WORK REQUIRED
When you transcribe the data below, reproduce every line exactly and leave each picture out.

DATA SECTION
◇ ◇ ◇ ◇

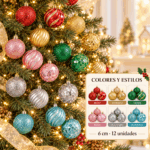 Set 12 Bolas Navideñas 6 Cm Adornos Para Árbol Navidad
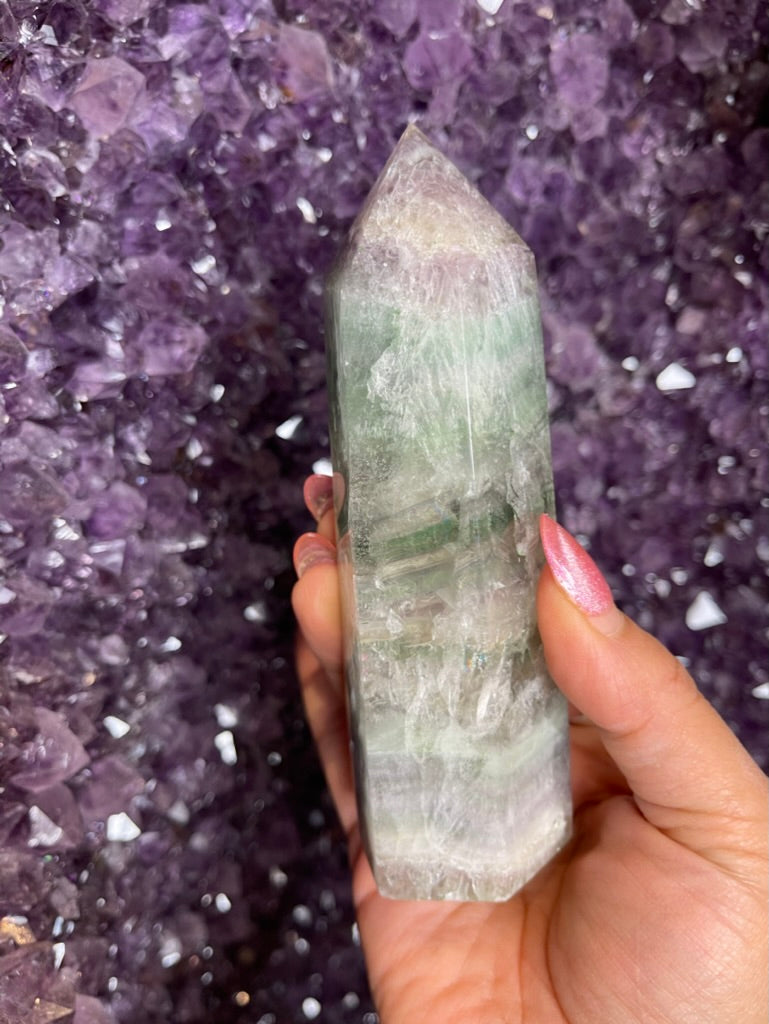 🌈 Prism of Clarity – Light Fluorite Rainbow Tower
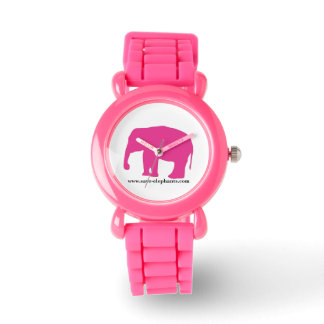 Save-Elephants.com Girls Pink Elephant Watch Armbanduhr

◇ ◇ ◇ ◇

YOUR RESPONSE
 Set 12 Bolas Navideñas 6 Cm Adornos Para Árbol Navidad
 🌈 Prism of Clarity – Light Fluorite Rainbow Tower
 Save-Elephants.com Girls Pink Elephant Watch Armbanduhr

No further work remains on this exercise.